# Horse loosing weight after worming...Normal?



## ds2659674 (Oct 14, 2008)

We have a horse boarder who is boarding two old horses (Tenn. Walkers) with us (one 26+ years old, one 13+ years old). Per contract, the boarder is responsible for his own vet care, wormer, etc. We only provide hay, grain, water, turn out to pasture and a clean stall. This boarder has been with us for 5 years and has never had a vet to see his horses. He had not been to see his horses in nearly 3 years (he was 2 years behind in boarding fees). In the spring of 2008 while we were worming our herd, we put his horses on a worming program with ours (we noticed the coat on his horses were dull and we thought the horses may have a bad case of worms). Our other horses seemed to do well with the wormer, however his horses seemed to loose appitite and lost a considerable amount of weight, We even began to give his older horses expensive senior food and special weight gain.... is it normal for a horse that has not been wormed recently to stop eating or loose weight after going on a worming program? The older horse seemed to loose the most weight. We also noticed the older horse when in her stall there seemed to be a considerable amount of unground/undigested food in her stool... Could the lack of vet care (teeth care) be causing this weight problem... We were finally able to contact this boarder after sending multiple certified letters... This boarder came up to get his hourse and feels he should not pay back board since he is convinced we have not feed his horses, and that is why they are thin. We were so concirned that we contacted our local Animal Control Officer to inspect our horses as well as his. He said that the boarders were a little thin, however he saw no problem that would warrent him even filling out a report. This boarder says he is considering taking us to court to get back the prior board he has paid us. NOTE: He is still nearly 1 year behind in board and we are considering taking him to court to collect the back board. His last conversation was that if we could convince him that there may be other reasons for his horses being thin he would avoid taking us to court and pay the back board. Any help/suggestions any of you can provide is appreciated.


----------



## kickshaw (May 7, 2008)

i'm not sure about the legal issues, but yes - if a horse was really wormy, the wormer would clear them out, resulting in some weight loss issues. 

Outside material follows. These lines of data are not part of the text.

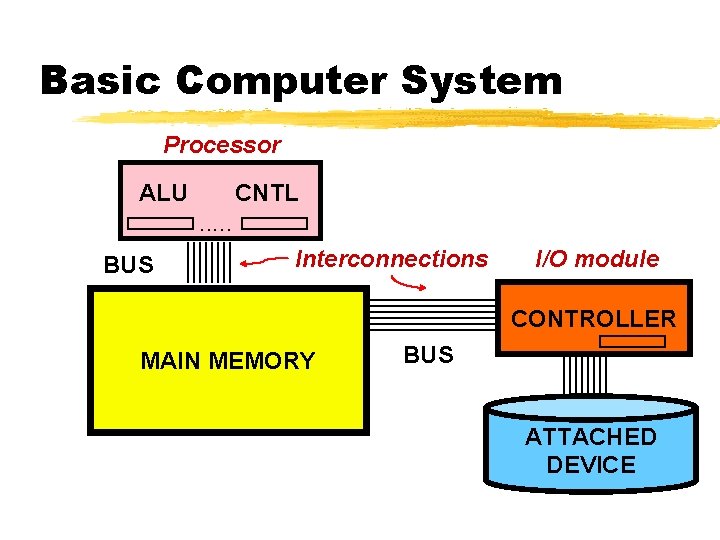 Basic Computer System Processor ALU CNTL. . . BUS Interconnections I/O module CONTROLLER MAIN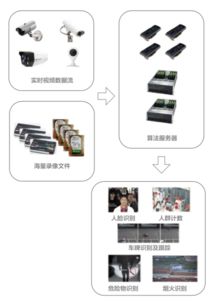 弘和通訊 以技術(shù)創(chuàng)新賦能基層法院，開(kāi)啟人工智能應(yīng)用新篇章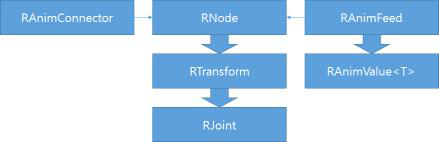 RFL의 씬 그래프 클래스 상속 구조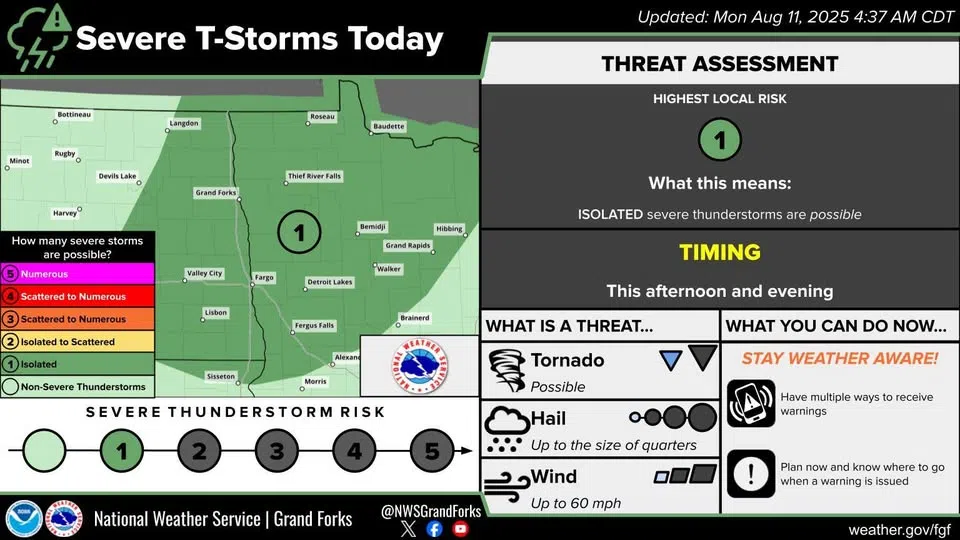 A level 1 storm threat advisory issued by the National Weather service in Grand Forks for 2-10pm on Monday, August 11th. Darker green areas showing the storm patch from Jamestown, North Dakota to Fergus Falls, Minnesota. Lighter green areas showing a less-severe thunderstorm path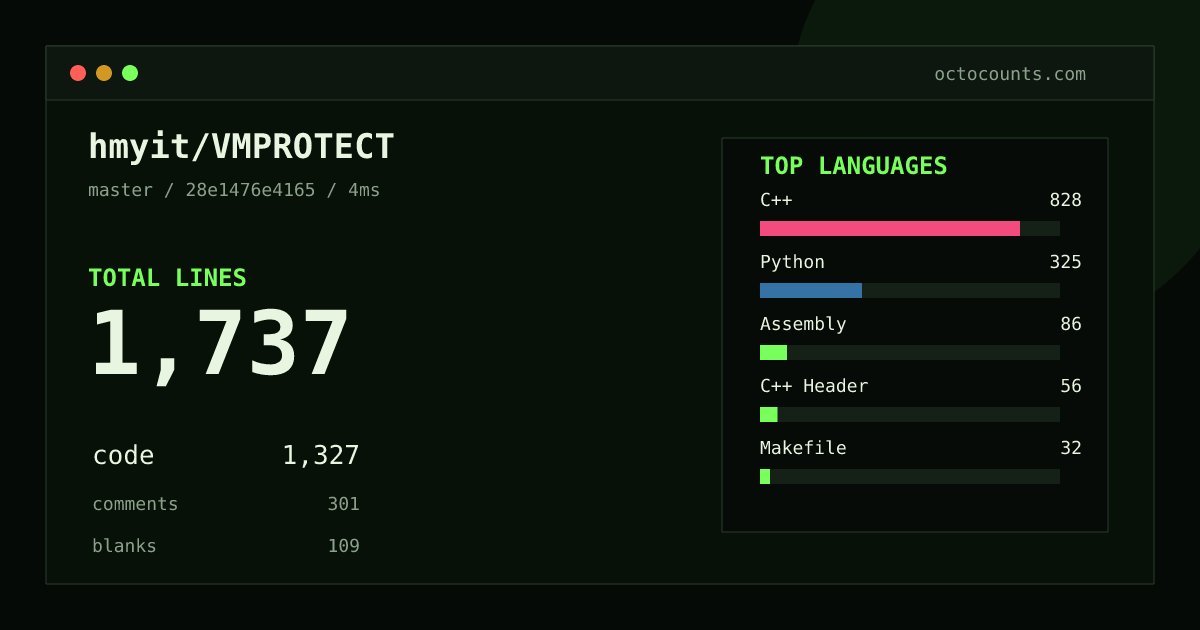 As of 2026-08-18 (commit 28e1476e4165), hmyit/VMPROTECT contains 1,737 total lines: 1,327 code, 301 comments, 109 blank, across 13 files in 6 languages (top: C++ 62.4%). Counted with tokei via OctoCounts.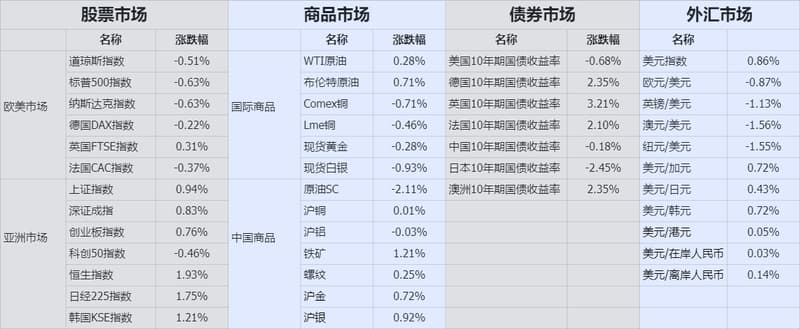 收盤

do you have pictures of them from before you wormed them?


----------



## iridehorses (Oct 22, 2007)

What a mess. I would suggest having a vet go out to inspect his horses and let his evaluation be your defense. I would certainly do it before he has a chance to retify any problem - such as dental.

I hope you kept a log of everything - including his non payment and lack of proper medical/dental care being his responsibility as per his contract. 

You didn't mention farrier care, how has that been paid for?


----------



## Dumas'_Grrrl (Apr 2, 2008)

This is one of those unfortunate cases where I would call a vet out at your expense and have a thorough exam done. It sure stinks but documentation and doing the right thing on your part (even though it's gonna cost some money) will protect you in the long run.


----------



## travlingypsy (Apr 5, 2008)

I agree get a vet out, then take him to court for back payments and the pay for vet, extra feed...ect. And then ask for the horses. Because he could take the horses and just put them in a back yard to die. I mean if he hadnt been out for that long he dosent care about them. 
Or you can "buy" both horses for 500 and take it out of what he ows, that way he feels that he is getting something for them. Actually I would have the horses on lock down after you take action. Speaking from experiance...He could come back and take the horses from the property and get away so he never has to pay or go to court.


----------



## DashAwayAll (Jul 19, 2008)

Whoa! 
So ...... no vaccinations for years? DEMAND that they vaccinate their horses or the horses will have to go. The lack of worming affects your horses too - that's wormy manure going right back on your pasture. Routinely worm them, and charge them for it.


----------



## Ryle (Jul 13, 2007)

Clearing worms out won't often result in weight loss in adult horses---they don't generally have the numbers of ascarids that produce that pot-bellied look in foals. However, the chemical in the dewormer could have caused a problem especially depending on the kind used and any age-related health issues this horse might have. What product did you use and how did you dose it?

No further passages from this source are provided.